- [Instructions to follow] Where the listing shows an image, skip it and output all other material unchanged.

- [Dataset content]
-*-*-

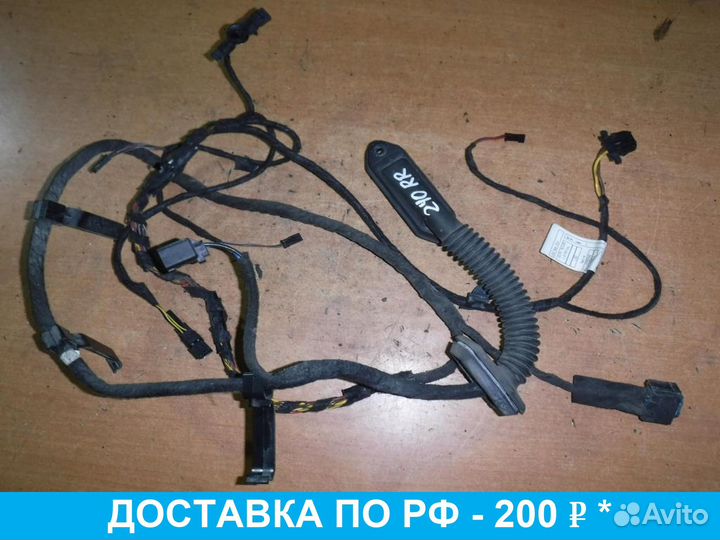 Проводка двери Range Rover Vogue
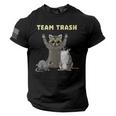 Team Trash Opossum Raccoon Rat Tee - Garbage Gang USA Flag T-Shirt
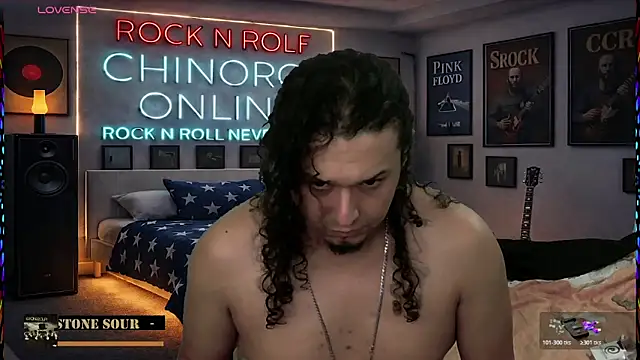 chino roz online show from 02.23.26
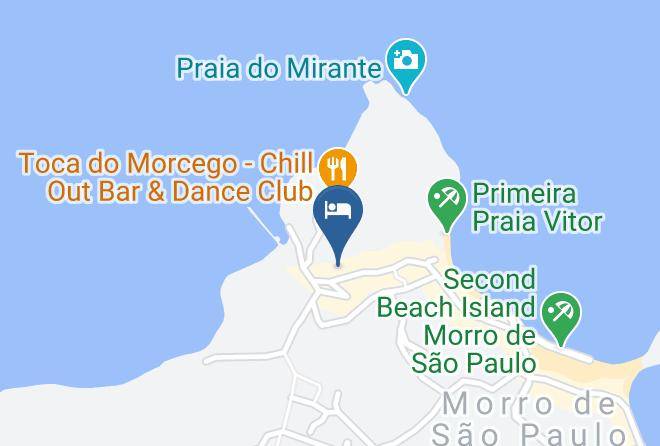 Cairu - Pousada Gaucho Maps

-*-*-

- [Response to the exercise]
 Проводка двери Range Rover Vogue
 Team Trash Opossum Raccoon Rat Tee - Garbage Gang USA Flag T-Shirt
 chino roz online show from 02.23.26
 Cairu - Pousada Gaucho Maps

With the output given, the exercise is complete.